What is the fascination with 'spins'
Charles Curley
charlescurley at charlescurley.com
Mon Feb 5 14:12:27 UTC 2007
On Sun, Feb 04, 2007 at 08:19:45PM +0000, monty19@ hotmail.com wrote:
>
> Personally, I think having separate ISO images for Desktop,
> Developer, Server, KDE, and whatever else is a pretty silly idea.
I agree. I've been using Unix since before some of the folks around
here were in diapers, and I've always had at least one box that was
"desktop" and "server" and several other functions combined. I find
the whole "desktop" and "server" distinction artificial, naive and
useless. For example, I've always had an FTP server on my "desktop",
and added an HTTP server shortly after the NCSA released what has
since become Apache.
A few questions, then:
* Methinks this approach produces a lot of overlap. For any "spin",
you need a kernel, you need X, etc. Do I then need to pull in
several different CDs or DVDs, one for each "spin"? Or will there
be, say, a "minimum" CD, then a CD (or two) for desktop, and another
for server?
* I usually set up an NFS mount for installations. Until now I've put
all three or four CDs into that directory, and away I go. How does
this "spin" stuff affect NFS mount installations: do I throw the
multiple DVD images into one directory and export that, do do I
export multiple directories?
* I maintain a local base repo, using the DVD images via a loopback
mount. Once installation is complete, how do I set up my base repo(s)?

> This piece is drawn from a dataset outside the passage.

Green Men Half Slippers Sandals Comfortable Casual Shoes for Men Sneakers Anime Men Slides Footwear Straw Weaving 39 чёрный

* I have, until now, had enough spare capacity on my laptop to keep a
DVD install image on it. I can carry one CD and my laptop, and I can
install Fedora for any use anywhere. Does this "spin" approach break
that capability?
Yes, I know there will be the ability to roll my own distribution
(which is vaporware at this point). So now, in addition to the time
it takes to pull in multiple CD/DVD images, do I now get to spend
more time creating my "custom" disty? Great, that's just what I
need: another computer maintenance job.
* How does this affect users in poor countries, where neither
bandwidth nor hard drive space are cheap? Even with the ability to
roll one's own distribution, how many poor country users do these
costs price Fedora beyond reach?
I don't need immediate answers to these questions, but I would like
some assurance that they have been brought up and addressed.